Der Webservice den man für Atlassian Jira benutzen kann löst das folgendermaßen:

Es gibt eine Webservicemethode wo du Username/Passwort an den Server schickst, zurück bekommst du einen sogenannten Authtoken.
Diesen Authtoken, musst du dann für jede weitere Anfrage mitschicken. Evtl. kannst du das ja so lösen.

Ansonsten müsstest du bei jeder Abfrage dir Username/Passwort mitschicken lassen und bevor du die eigentliche Aufgabe erledigst prüfen ob beides gültig ist -> mehr Overhead.

Ansonsten, wenn der Webservice nur Lokal (LAN) aufgerufen wird, könnte man das evtl. auch über IPs lösen.


----------



## TeamBob (6. Mrz 2009)

hmm...
Also würde es möglich sein die Security Methode vom Project zu verwenden die bereits eine passwort abfrage macht.
Man müsste diese im WS nur aufrufen und so verändern das diese als Antwort eine AuthToken mitsenden der ja dann wahrscheinlich im SOAP Header gespeichert wird, sodass man ein gewissen session hat oder sehe ich das jetzt falsch.
Hast du genau Tipps wie man dies umsetzen könnte?
Kannst mir ja mal ne Pm mit deiner ICQ-NR. schicken, dann kann man das näher besprechen...
Naja danke dir


----------



## mvitz (6. Mrz 2009)

Da ich mich bei der Sache nur einen Client entwickelt habe kann ich dir eben per Pseudocode zeigen, wie das geht. Ist eigentlich keine Session, sondern ein immerwährendes senden des Tokens. Sessions gibt es für einen Webservice meines wissens nach nicht.

Pseudocode:
[HIGHLIGHT="Java"]WebService service = new WebService();
String authToken = service.login("test", "geheim");
Document doc = service.getDocument(authToken, "ichWillDasDokument");
service.logout(authToken);[/HIGHLIGHT]

Wie das intern geregelt wird, kann ich dir nicht sagen, ich weiß auch nicht, ob der Authtoken jedesmal derselbe ist oder sich ändert. (Das kann ich aber am Montag nachgucken, wenn bedarf besteht).

Ansonsten machst du das so:

Nach dem Aufruf login, passiert auf dem Server:
1) Username vorhanden?
2) Password passt zum Usernamen?
3) zufälliges authToken generieren
4) authToken + Zeitstempel abspeichern
5) bei jedem Methoden aufruf gucken, ob authToken vorhanden
6) aufruf bearbeiten + neuen Zeitstempel für authToken abspeichern
6) wenn logout aufgerufen wird, authToken löschen, ansonsten authToken nach x minuten löschen


----------



## TeamBob (6. Mrz 2009)

ok das sind schonmal sehr interessante Informationen und Hilfen.
Also es wäre echt eine riesen Hilfe, wenn du mir Montag dazu mehr
schreiben könntest.
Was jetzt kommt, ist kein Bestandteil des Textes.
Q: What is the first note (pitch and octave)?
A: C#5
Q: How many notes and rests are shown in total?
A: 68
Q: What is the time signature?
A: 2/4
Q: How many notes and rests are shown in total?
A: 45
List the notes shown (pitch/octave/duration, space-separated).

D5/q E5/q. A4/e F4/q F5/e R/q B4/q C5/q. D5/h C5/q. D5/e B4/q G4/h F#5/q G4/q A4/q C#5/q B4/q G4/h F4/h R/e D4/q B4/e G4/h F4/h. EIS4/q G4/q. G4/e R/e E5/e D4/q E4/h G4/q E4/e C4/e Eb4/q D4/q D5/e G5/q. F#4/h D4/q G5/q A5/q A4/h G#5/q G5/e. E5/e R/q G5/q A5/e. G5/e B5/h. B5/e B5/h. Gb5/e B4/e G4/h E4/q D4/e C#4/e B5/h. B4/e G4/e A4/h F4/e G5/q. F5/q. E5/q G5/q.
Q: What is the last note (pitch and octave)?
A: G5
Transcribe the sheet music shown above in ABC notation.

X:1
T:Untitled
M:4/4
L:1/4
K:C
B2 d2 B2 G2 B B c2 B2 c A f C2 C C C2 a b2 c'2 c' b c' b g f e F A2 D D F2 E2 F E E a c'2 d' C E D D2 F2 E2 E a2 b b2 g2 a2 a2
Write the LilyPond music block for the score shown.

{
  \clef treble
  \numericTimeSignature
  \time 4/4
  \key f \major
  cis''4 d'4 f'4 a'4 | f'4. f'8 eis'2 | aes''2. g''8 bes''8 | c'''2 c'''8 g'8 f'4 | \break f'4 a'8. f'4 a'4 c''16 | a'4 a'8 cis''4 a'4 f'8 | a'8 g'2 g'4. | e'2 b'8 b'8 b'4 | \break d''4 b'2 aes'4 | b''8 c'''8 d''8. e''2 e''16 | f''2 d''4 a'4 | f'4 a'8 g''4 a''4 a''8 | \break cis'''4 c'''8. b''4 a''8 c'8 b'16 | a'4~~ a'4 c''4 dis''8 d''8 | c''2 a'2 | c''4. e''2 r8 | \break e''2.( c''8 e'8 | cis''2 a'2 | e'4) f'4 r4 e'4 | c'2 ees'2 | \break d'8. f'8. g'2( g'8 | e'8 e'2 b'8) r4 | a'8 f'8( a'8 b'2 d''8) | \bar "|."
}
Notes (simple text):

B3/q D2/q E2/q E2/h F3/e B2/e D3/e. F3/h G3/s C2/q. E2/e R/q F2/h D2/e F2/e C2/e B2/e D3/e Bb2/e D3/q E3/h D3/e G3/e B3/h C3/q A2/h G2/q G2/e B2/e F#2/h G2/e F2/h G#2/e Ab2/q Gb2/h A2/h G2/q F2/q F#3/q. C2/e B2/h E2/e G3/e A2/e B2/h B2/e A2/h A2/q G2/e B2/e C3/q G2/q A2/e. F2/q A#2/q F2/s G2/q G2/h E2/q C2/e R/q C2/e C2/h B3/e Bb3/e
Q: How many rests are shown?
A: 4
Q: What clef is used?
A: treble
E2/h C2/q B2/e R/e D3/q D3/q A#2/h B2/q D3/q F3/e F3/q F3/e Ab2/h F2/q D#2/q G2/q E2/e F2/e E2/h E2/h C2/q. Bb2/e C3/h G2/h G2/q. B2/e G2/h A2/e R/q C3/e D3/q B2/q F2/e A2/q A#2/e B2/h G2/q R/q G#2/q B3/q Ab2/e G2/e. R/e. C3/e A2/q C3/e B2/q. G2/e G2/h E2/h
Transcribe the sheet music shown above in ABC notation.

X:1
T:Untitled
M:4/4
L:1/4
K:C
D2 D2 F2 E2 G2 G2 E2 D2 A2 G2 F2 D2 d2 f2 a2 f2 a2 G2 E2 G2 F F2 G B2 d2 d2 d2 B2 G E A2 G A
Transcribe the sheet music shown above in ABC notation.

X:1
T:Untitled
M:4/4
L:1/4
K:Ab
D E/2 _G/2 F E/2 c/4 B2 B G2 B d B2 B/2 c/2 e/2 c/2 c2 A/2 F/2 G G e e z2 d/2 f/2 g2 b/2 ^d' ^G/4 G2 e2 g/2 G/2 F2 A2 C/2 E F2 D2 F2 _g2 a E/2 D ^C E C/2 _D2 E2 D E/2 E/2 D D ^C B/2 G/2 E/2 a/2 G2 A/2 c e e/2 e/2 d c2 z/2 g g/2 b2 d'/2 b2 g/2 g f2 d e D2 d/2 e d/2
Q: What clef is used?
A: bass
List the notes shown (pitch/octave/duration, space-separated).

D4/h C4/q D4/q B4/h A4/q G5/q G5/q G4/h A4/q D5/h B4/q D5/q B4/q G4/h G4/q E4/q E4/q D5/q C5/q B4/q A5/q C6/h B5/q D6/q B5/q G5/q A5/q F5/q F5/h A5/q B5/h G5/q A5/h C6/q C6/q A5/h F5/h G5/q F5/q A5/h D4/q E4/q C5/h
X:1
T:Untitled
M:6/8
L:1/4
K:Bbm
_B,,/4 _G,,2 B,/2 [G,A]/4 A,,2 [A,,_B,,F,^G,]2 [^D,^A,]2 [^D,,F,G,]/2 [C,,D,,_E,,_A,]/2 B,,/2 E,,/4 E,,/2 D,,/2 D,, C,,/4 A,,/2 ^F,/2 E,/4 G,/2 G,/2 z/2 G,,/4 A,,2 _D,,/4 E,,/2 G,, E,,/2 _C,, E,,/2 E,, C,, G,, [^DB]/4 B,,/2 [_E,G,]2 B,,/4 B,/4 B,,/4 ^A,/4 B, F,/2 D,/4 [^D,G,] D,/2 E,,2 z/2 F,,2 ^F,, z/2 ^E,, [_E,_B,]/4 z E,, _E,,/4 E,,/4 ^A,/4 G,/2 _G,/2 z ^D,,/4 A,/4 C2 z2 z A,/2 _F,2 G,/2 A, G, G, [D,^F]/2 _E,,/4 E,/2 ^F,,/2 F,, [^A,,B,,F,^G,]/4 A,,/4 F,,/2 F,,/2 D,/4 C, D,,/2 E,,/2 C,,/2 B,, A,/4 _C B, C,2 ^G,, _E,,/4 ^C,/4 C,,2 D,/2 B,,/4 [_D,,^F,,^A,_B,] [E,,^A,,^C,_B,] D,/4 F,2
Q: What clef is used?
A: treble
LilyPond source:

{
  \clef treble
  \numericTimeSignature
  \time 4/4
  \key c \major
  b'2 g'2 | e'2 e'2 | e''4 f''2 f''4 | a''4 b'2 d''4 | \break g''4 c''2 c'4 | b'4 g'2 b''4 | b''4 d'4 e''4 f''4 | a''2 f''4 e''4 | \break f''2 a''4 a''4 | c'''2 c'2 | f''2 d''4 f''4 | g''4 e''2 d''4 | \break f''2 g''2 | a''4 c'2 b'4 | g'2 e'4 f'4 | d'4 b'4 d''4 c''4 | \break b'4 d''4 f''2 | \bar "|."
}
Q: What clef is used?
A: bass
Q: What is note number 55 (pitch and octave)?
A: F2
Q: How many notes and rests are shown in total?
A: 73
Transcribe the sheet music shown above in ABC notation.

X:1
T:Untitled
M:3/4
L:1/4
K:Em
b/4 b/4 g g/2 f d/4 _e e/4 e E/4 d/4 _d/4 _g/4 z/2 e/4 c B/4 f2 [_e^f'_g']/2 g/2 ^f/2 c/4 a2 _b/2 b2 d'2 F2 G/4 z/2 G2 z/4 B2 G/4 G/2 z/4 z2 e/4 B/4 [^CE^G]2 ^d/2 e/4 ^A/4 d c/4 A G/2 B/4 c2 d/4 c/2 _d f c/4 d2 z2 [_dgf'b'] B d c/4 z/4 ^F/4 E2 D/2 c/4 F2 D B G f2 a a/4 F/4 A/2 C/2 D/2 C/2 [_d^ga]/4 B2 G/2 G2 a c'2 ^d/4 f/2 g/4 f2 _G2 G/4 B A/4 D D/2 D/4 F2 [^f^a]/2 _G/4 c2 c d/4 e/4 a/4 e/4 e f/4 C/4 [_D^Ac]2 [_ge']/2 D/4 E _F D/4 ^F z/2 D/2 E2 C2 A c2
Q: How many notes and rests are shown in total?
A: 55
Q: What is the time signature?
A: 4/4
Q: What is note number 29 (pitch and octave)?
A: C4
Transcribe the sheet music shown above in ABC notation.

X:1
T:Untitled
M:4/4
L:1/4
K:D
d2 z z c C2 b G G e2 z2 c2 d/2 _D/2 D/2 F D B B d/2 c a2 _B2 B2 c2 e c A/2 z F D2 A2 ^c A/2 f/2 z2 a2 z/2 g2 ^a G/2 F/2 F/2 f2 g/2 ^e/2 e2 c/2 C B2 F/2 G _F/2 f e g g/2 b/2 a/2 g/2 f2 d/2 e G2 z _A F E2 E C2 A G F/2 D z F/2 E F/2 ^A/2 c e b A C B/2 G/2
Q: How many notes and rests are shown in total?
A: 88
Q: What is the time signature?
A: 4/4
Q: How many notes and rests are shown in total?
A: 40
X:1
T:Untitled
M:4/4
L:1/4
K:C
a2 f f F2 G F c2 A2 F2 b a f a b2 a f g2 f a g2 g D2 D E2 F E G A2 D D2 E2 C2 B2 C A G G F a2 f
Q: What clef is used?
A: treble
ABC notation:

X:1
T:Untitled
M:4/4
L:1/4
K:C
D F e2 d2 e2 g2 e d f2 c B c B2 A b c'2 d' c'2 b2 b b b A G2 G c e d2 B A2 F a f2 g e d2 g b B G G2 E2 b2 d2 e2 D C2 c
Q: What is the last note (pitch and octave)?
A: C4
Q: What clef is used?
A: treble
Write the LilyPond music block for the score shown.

Also sprich nicht nur den Pseudocode
sondern alles was du so darüber hast. Das würde mir echt helfen.
Danke ich freue mich..


----------



## TeamBob (12. Mrz 2009)

Naja ich bin jetzt immernoch nicht soviel weiter mit meiner WebService Authentifizierung, weil ich einfach nicht weis wie ich bei der ganzen Sache ansetzen sollte.

Also der User muss sich irgendwie anmelden mit einen Passwort und einen Username und diese muss überprüft werden und dann die dazugehörigen rechte bekommen. Wie schon gesagt eine Username / Passwort abfrage besteht schon im Project aber im WS funktioniert das ja irgendwie anders. Dieser Status dann muss ja dann auch irgendwie weitergegeben werden sodass ich das irgendwie übergeben. Weil bei der Suchanfrage muss man bis jetzt ein Suchbegriff eingeben und seine ID. Die ID sollte dann wegfallen und es sollte dann die ID übergeben werden die er bei der anmeldung bekommmen hat, sodas ihn ein status zugeorndet werden kann usw. Ich weis aber gar nicht wie ich das übergebe ohne das komplette XML-File auseinander zunehmen. 
Wie gesagt ich habe gar keinen Ansatz, vielleicht könnt ihr mir ja helfen.
Danke


----------



## mvitz (12. Mrz 2009)

Wie gesagt, entweder gibts du dem Benutzer in der Anmeldung einen Key (oder auch ID) zurück und dieser muss diese dann jedesmal mitschicken. (So macht das auch Jira, habe das heute nachgeschaut. Hier muss man sich einloggen, bekommt einen Key zurück und muss diesen Key immer mitschicken.) Ander Möglichkeit wäre evtl. per IP.


----------



## TeamBob (13. Mrz 2009)

hmm....
Hast du den vielleicht irgendwelche Qullcodes für mich?
Weil ich weis gar nicht wie ich das angehen soll im dem Bereich


----------



## mvitz (13. Mrz 2009)

Nein Quellcode kann ich dir leider keinen geben. Ich würde es wie gesagt so machen:

1. User loggt sich ein:

```
token = login(username, password);
```
1.1 Server macht folgendes:

```
String login(username, password) {
  boolean canLogin = canLogin(username, password);
  if (canLogin) {
    String token = calculateToken(username, password);
    addTokenToList(token);
  }
}
```
2. User ruft methode auf:

```
result = suche(dokumentname, token);
```
2.1 Server macht folgendes:

```
Document suche(dokumentname, token) {
  if (checkToken(token)) {
    return findeDokument(dokumentanem);
  } else {
    throw new Exception("Nicht erlaubter Zugriff!");
  }
}
```


```
boolean checkToken(token) {
  if (tokenMap.exists(token)) {
    return true;
  }
  return false;
}
```


----------



## TeamBob (13. Mrz 2009)

hmm.... 
Ich sehe schon wie du das meinst, muss ich da jetzt extra einen server programmieren oder wo schreibe ich das denn hin.


----------



## mvitz (13. Mrz 2009)

Auf den Server, der deinen Webservice ausführt?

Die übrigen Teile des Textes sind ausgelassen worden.